-- Information follows --

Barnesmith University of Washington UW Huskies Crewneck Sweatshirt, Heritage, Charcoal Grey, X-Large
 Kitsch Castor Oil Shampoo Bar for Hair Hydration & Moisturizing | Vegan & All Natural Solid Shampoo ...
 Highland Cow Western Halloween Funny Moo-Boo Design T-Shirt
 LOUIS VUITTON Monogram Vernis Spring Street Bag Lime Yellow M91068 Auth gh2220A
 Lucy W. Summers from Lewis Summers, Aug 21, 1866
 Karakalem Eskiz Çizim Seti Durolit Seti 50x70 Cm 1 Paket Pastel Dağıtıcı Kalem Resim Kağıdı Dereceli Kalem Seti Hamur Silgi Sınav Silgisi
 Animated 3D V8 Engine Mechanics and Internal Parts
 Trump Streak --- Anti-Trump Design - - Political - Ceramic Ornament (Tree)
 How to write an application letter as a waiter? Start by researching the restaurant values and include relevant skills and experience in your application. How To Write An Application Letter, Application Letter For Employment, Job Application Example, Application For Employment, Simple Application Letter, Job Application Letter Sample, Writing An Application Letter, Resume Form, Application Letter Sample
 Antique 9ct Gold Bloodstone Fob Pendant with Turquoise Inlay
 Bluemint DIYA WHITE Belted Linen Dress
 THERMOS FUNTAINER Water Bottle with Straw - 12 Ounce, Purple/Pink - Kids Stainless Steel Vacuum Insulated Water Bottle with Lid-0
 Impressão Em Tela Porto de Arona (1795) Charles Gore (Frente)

-- Information concluded --

#### [What you will do]
Would you write the material out again, exactly as given above?

#### [Reply]
Barnesmith University of Washington UW Huskies Crewneck Sweatshirt, Heritage, Charcoal Grey, X-Large
 Kitsch Castor Oil Shampoo Bar for Hair Hydration & Moisturizing | Vegan & All Natural Solid Shampoo ...
 Highland Cow Western Halloween Funny Moo-Boo Design T-Shirt
 LOUIS VUITTON Monogram Vernis Spring Street Bag Lime Yellow M91068 Auth gh2220A
 Lucy W. Summers from Lewis Summers, Aug 21, 1866
 Karakalem Eskiz Çizim Seti Durolit Seti 50x70 Cm 1 Paket Pastel Dağıtıcı Kalem Resim Kağıdı Dereceli Kalem Seti Hamur Silgi Sınav Silgisi
 Animated 3D V8 Engine Mechanics and Internal Parts
 Trump Streak --- Anti-Trump Design - - Political - Ceramic Ornament (Tree)
 How to write an application letter as a waiter? Start by researching the restaurant values and include relevant skills and experience in your application. How To Write An Application Letter, Application Letter For Employment, Job Application Example, Application For Employment, Simple Application Letter, Job Application Letter Sample, Writing An Application Letter, Resume Form, Application Letter Sample
 Antique 9ct Gold Bloodstone Fob Pendant with Turquoise Inlay
 Bluemint DIYA WHITE Belted Linen Dress
 THERMOS FUNTAINER Water Bottle with Straw - 12 Ounce, Purple/Pink - Kids Stainless Steel Vacuum Insulated Water Bottle with Lid-0
 Impressão Em Tela Porto de Arona (1795) Charles Gore (Frente)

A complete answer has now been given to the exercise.